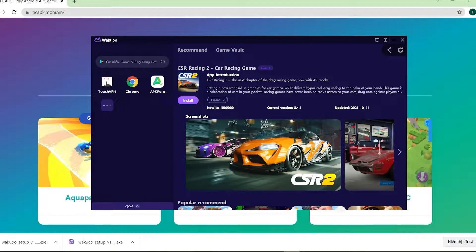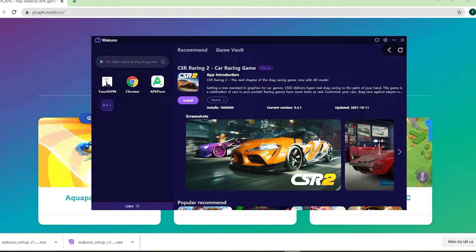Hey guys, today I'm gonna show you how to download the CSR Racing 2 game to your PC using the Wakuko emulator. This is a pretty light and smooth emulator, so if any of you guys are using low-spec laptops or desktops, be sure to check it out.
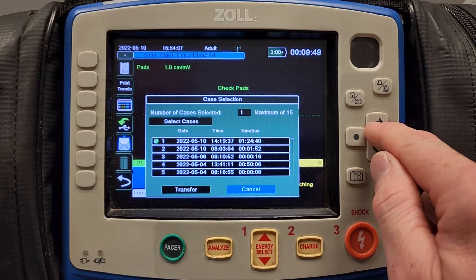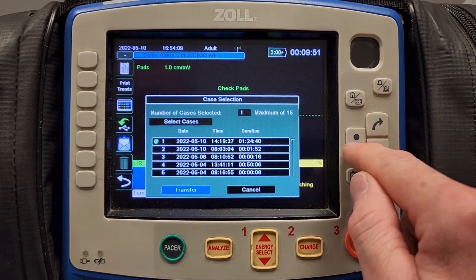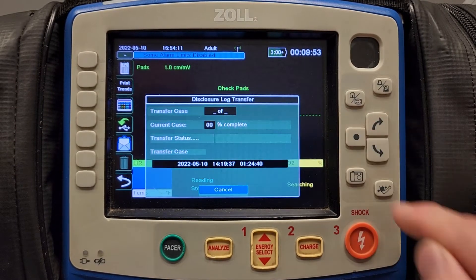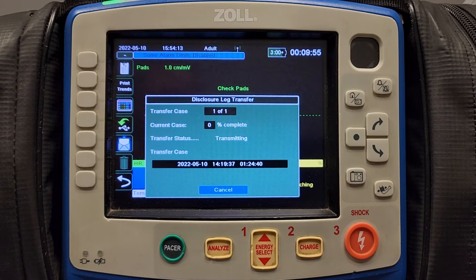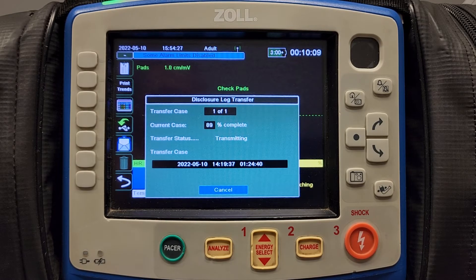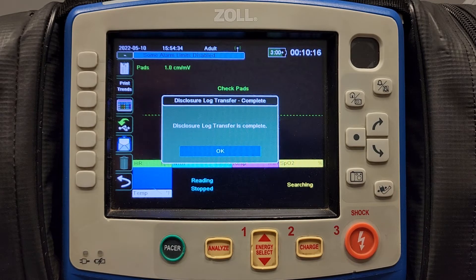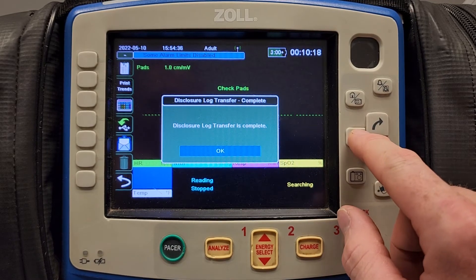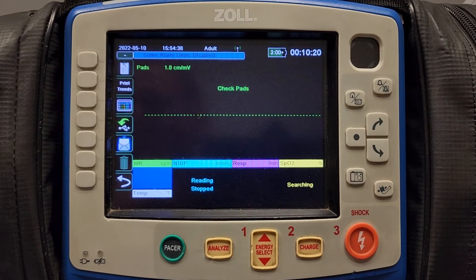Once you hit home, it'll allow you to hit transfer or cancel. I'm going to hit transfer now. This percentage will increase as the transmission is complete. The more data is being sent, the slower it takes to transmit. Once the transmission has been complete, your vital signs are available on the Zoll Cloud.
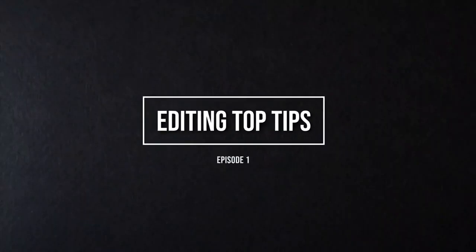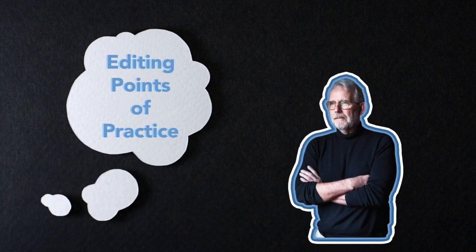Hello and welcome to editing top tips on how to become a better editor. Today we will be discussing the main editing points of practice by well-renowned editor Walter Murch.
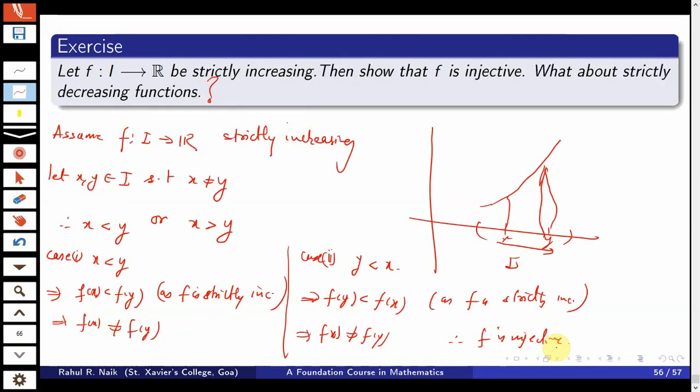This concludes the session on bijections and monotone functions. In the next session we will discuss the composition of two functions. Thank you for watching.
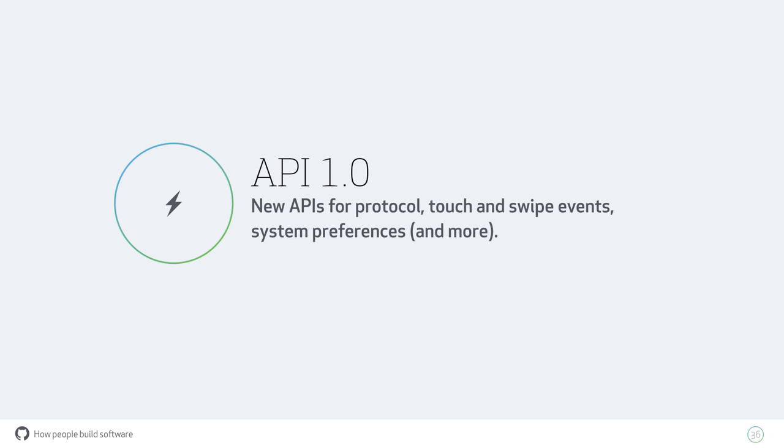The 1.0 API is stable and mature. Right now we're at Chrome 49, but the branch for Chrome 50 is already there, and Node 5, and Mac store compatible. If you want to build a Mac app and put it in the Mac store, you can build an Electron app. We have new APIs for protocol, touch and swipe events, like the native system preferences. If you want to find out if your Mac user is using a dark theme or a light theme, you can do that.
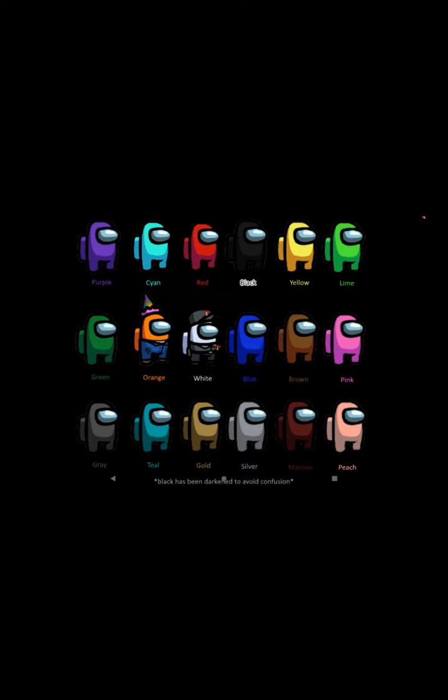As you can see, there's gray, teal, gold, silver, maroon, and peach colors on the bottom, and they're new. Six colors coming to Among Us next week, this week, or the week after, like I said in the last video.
════════
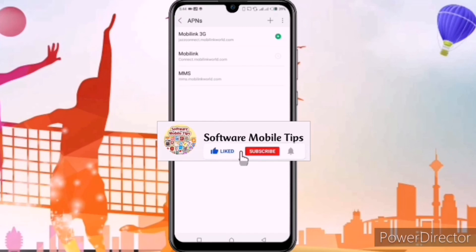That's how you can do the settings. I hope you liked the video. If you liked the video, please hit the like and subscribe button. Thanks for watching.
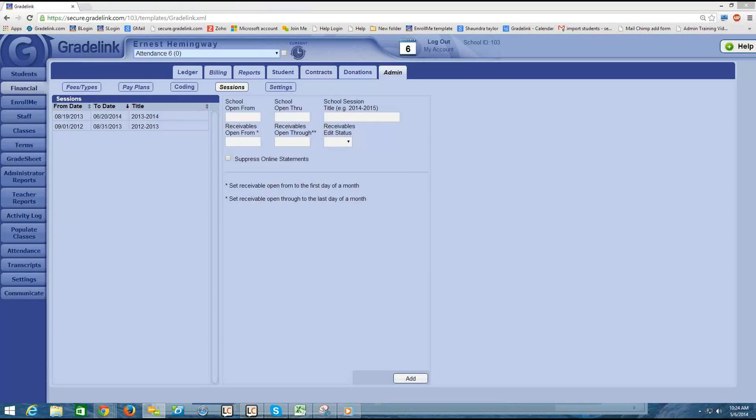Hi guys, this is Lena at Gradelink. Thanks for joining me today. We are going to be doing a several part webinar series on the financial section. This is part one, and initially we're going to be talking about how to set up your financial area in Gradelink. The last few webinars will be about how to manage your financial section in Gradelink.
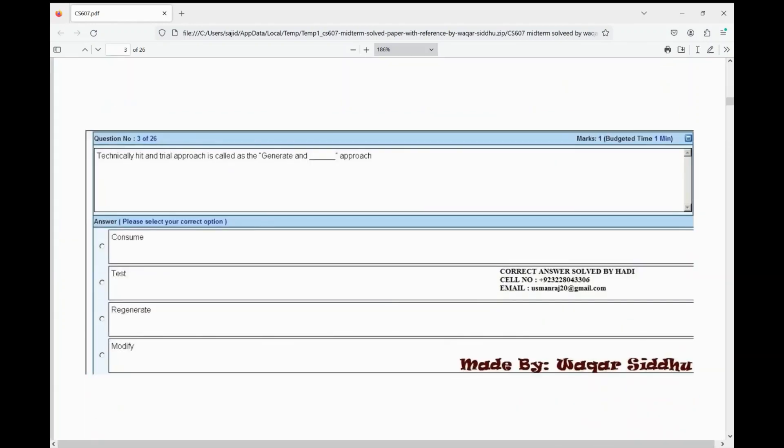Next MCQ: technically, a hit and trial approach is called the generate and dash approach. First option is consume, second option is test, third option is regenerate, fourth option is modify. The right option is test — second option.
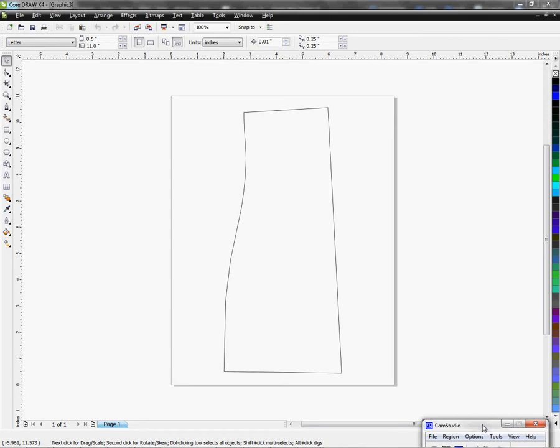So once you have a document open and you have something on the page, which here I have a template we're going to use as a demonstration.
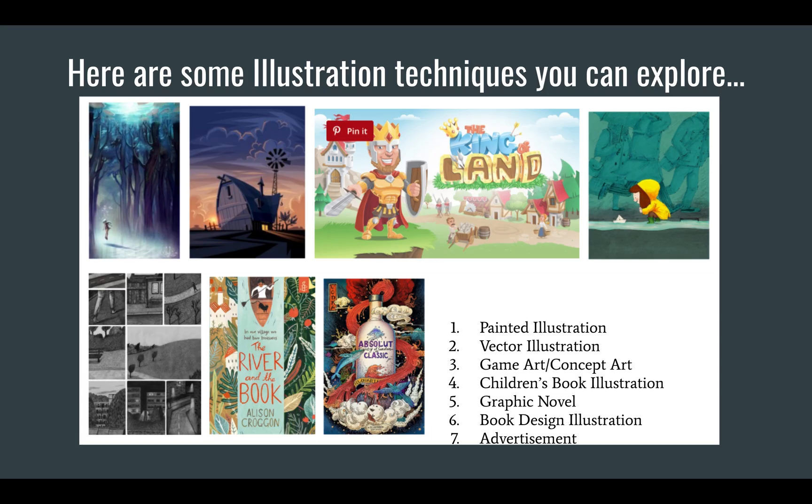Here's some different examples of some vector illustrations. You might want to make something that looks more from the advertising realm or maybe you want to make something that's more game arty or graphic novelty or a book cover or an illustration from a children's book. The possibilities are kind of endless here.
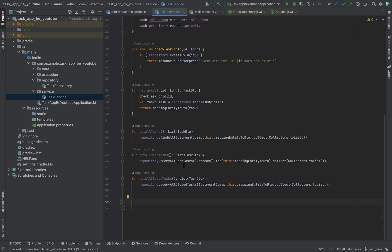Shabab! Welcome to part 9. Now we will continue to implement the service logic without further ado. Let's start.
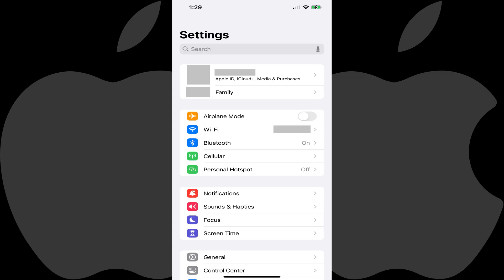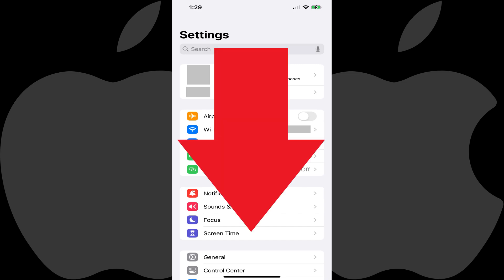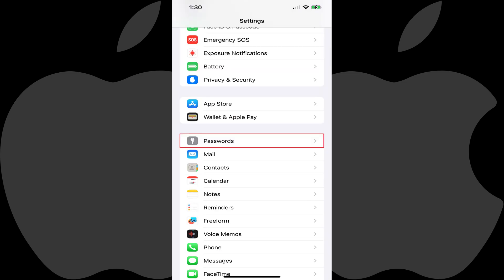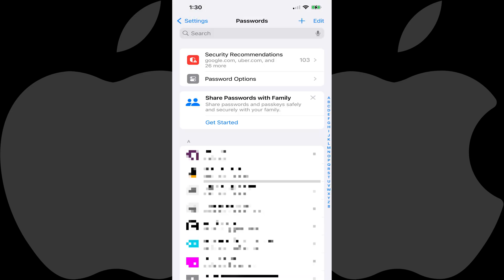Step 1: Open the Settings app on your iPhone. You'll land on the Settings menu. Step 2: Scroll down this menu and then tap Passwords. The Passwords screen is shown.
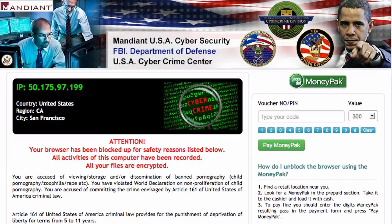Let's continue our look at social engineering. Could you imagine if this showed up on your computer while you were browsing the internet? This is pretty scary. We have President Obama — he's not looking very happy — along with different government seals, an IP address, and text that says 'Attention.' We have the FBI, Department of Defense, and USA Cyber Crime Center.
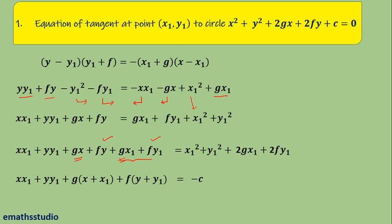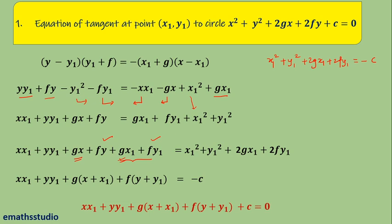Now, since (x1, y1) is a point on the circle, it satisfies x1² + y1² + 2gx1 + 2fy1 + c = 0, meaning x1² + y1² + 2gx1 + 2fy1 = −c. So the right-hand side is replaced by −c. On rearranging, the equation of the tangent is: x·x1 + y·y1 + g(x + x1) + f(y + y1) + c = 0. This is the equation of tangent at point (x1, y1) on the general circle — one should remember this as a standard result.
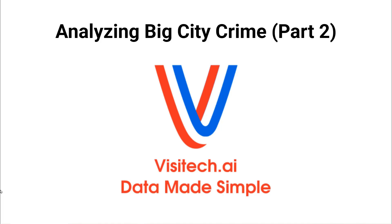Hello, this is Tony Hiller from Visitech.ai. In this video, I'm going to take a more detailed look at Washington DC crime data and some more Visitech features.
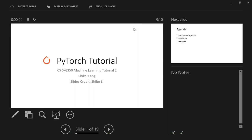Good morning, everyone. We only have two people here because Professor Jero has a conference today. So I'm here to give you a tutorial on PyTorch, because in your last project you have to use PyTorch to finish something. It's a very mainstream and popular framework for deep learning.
════════
▸ **THE TASK**:
Using the material above, reproduce only the lines that run from the line with "Hey guys, today" up to and including the line with "Hello and welcome", exactly, with the pictures dropped.

▸ **ANSWER SECTION**:
Hey guys, today I'm gonna show you how to download the CSR Racing 2 game to your PC using the Wakuko emulator. This is a pretty light and smooth emulator, so if any of you guys are using low-spec laptops or desktops, be sure to check it out.
Once you hit home, it'll allow you to hit transfer or cancel. I'm going to hit transfer now. This percentage will increase as the transmission is complete. The more data is being sent, the slower it takes to transmit. Once the transmission has been complete, your vital signs are available on the Zoll Cloud.
Hello and welcome to editing top tips on how to become a better editor. Today we will be discussing the main editing points of practice by well-renowned editor Walter Murch.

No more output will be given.